Sex and sacred text sparked outraged calls to boycott “Oppenheimer” for its alleged “scathing attack on Hinduism.”

Director Christopher Nolan isn’t known for controversy or gratuitous content in his films. Similarly, audiences who headed to a biopic on the life of the man known as the father of the atomic bomb, J. Robert Oppenheimer, likely wouldn’t expect there to be a lengthy sex scene.

However, reality smashed expectations over the weekend and left many Hindus appalled at the incorporation of the Bhagavad Gita in the midst of an intimate act between the lead character, portrayed by Cillian Murphy, and his lover psychiatrist Jean Tatlock, played by Florence Pugh.

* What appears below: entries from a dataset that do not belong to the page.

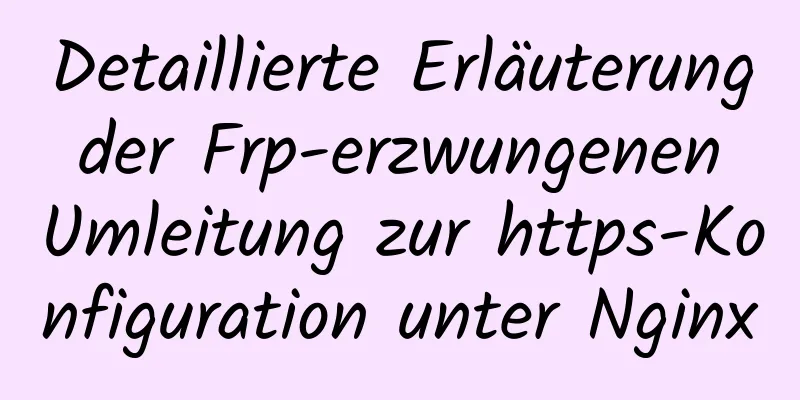 Detaillierte Erläuterung der Frp-erzwungenen Umleitung zur https-Konfiguration unter Nginx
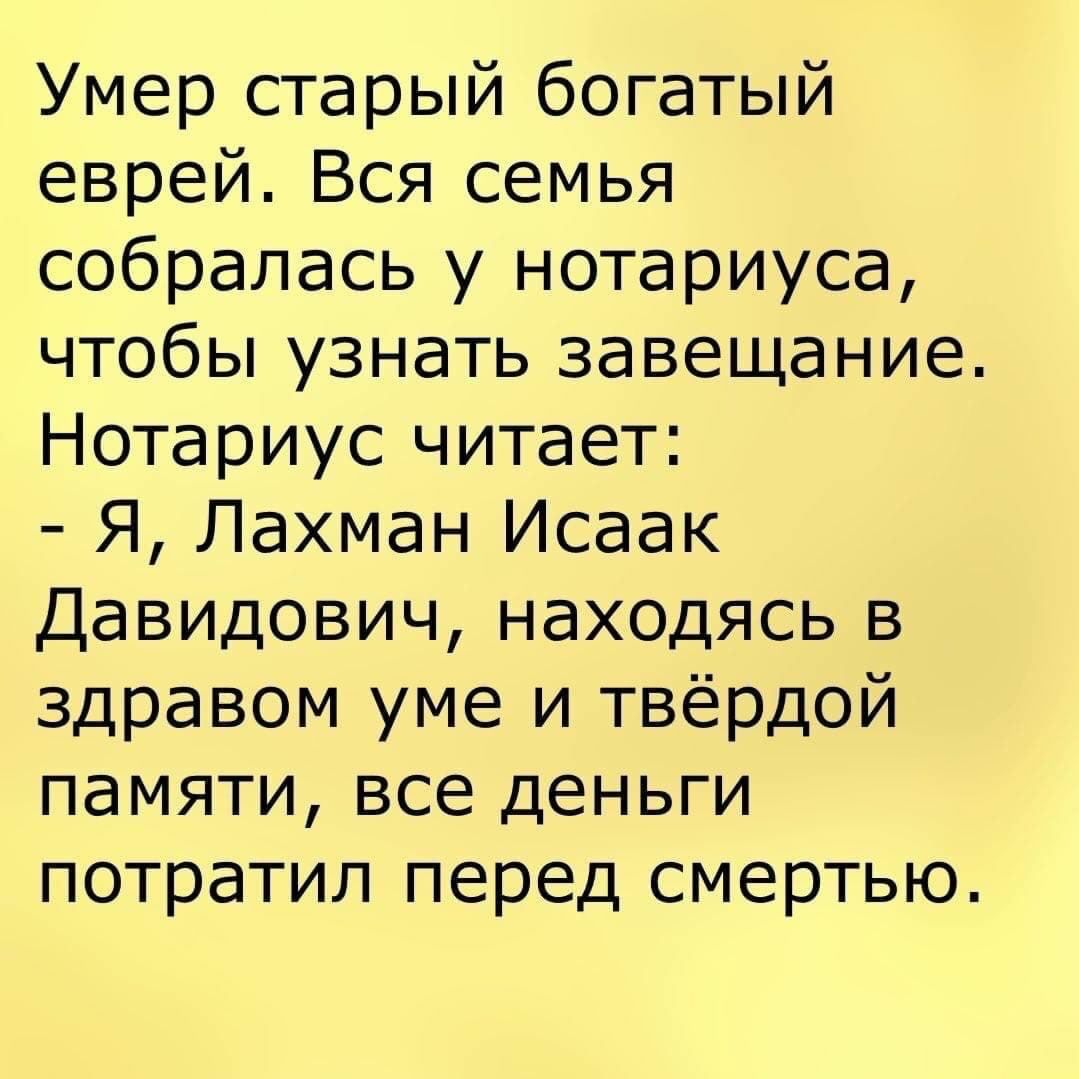 Умер старый богатый еврей Вся семья собралась у нотариуса чтобы узнать завещание Нотариус читает Я Лахман Исаак Давидович находясь в здравом уме и твёрдой памяти все деньги потратил перед смертью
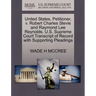 United States, Petitioner, V. Robert Charles Stevie and Raymond Lee Reynolds. U.S. Supreme Court Transcript of Record with Supporting Pleadings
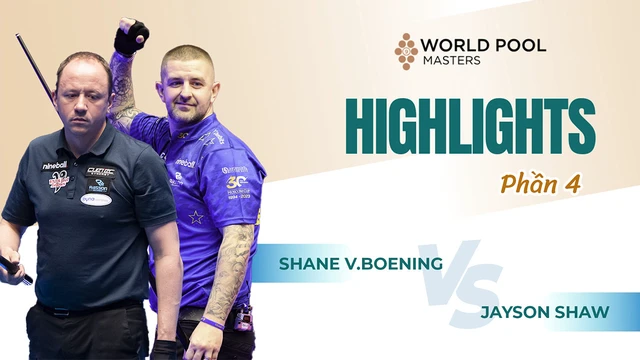 Highlights - Shane Van Boening vs Jayson Shaw - Tứ kết - Giải billiards World Pool Masters 2024 - Phần 4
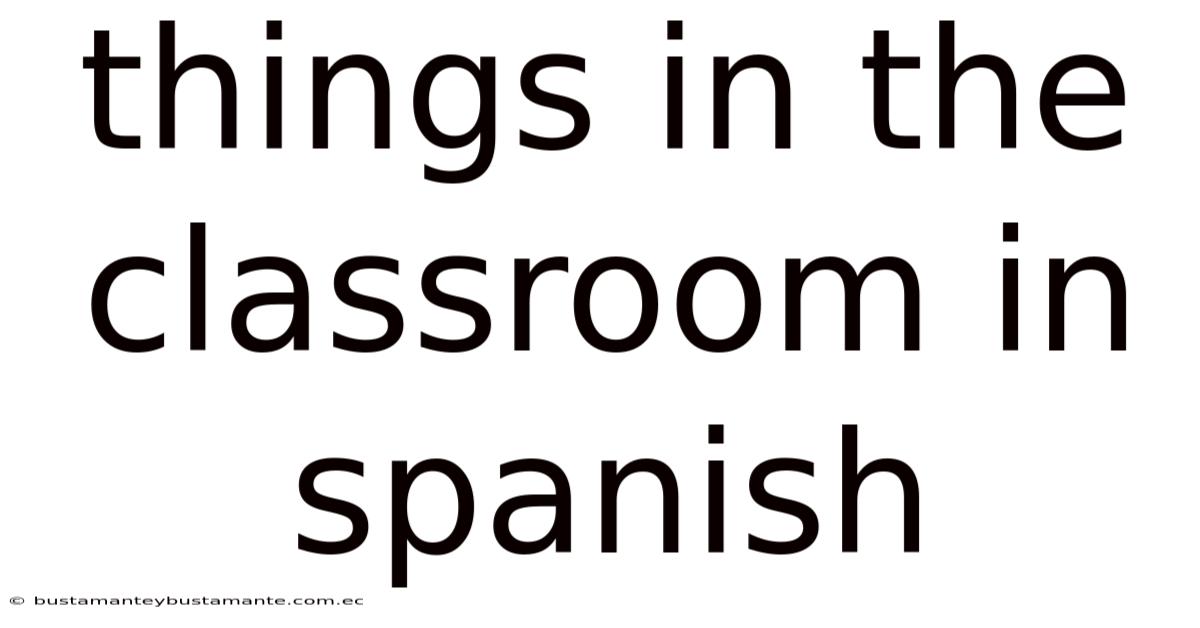 Things In The Classroom In Spanish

“It has come to our notice that the movie Oppenheimer contains a scene which make a scathing attack on Hinduism,” wrote India’s Information Commissioner Uday Mahurkar in an open letter to Nolan posted on social media Saturday.

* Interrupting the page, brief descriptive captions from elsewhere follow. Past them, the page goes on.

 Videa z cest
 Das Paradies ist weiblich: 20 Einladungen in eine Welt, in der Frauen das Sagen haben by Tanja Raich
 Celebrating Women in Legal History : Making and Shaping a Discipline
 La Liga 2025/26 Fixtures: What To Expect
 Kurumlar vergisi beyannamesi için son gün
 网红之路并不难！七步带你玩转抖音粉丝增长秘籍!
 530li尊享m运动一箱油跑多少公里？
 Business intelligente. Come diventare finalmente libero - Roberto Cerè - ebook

Suggesting he himself hadn’t seen the film, the founder of the Save Culture Save India Foundation cited reports as he described, “a scene in the movie shows a woman makes a man read Bhagwad Geeta aloud while getting over him and doing sexual intercourse. She is holding Bhagwed Geeta in one hand, and the other hands seems to be adjusting the position of their reproductive organs.”

Though censored for audiences in India to conceal the nudity, the scene featured the characters engaged in intercourse, with a respite showing Tatlock examining Oppenheimer books before bringing a Sanskrit copy of the Bhagavad Gita back to bed which she had him read from while appearing to resume their intimacy.

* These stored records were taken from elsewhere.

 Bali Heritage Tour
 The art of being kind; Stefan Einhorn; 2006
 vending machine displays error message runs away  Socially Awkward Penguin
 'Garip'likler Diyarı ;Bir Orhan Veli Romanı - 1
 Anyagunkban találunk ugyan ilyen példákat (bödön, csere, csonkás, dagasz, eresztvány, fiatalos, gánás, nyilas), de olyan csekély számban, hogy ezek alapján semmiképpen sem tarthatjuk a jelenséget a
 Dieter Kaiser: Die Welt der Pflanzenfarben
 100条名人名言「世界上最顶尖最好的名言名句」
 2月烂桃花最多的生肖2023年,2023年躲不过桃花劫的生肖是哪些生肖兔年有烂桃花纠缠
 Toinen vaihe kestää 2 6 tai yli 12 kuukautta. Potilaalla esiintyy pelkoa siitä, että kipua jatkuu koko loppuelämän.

“Now I am become Death, the destroyer of worlds,” the character recited.

Mahurkar wondered at the caution displayed around offending the sensibilities of Muslims and asked “Why should not the same courtesy be also extended to Hindus?”

The censorship employed in Indian theaters was not enough to quell the outrage as the commissioner went on to “urge, on behalf of billion Hindus and timeless tradition of lives being transformed by revered Geeta, to do all that is needed to uphold dignity of their revered book and remove this scene from your film across the world” or “it would be deemed as a deliberate assault on Indian civilisation.”

Others shared the sentiment.

Prior to the film’s release, Nolan had spoken with Insider about the inclusion of the scene and said, “When you look at Oppenheimer’s life and you look at his story, that aspect of his life, the aspect of his sexuality, his way with women, the charm he exuded, it’s an essential part of his story.”

“It felt very important to understand their relationship,” he said of Tatlock and Oppenheimer, “and to really see inside it and understand what made it tick without being coy or allusive about it — but to try to be intimate, to try and be in there with him and fully understand the relationship that was so important to him.”

As for the sexual content in his film, the director expressed, “Any time you’re challenging yourself to work in areas you haven’t worked in before, you should be appropriately nervous and appropriately careful and planned and prepared.”

Warner Brothers, The Daily Mail noted, had previously edited out lines from the Bhagavad Gita that were quoted during a sex scene in Stanley Kubrick’s “Eyes Wide Shut.”

As for Murphy, during a press junket for the film, he told critic Sucharita Tyagi that he had read the text to prepare for the role and said, “I thought it was an absolutely beautiful text, very inspiring.”

The actor added, “I think it was a consolation to [Oppenheimer], he kind of needed it and it provided him a lot of consolation, all his life.”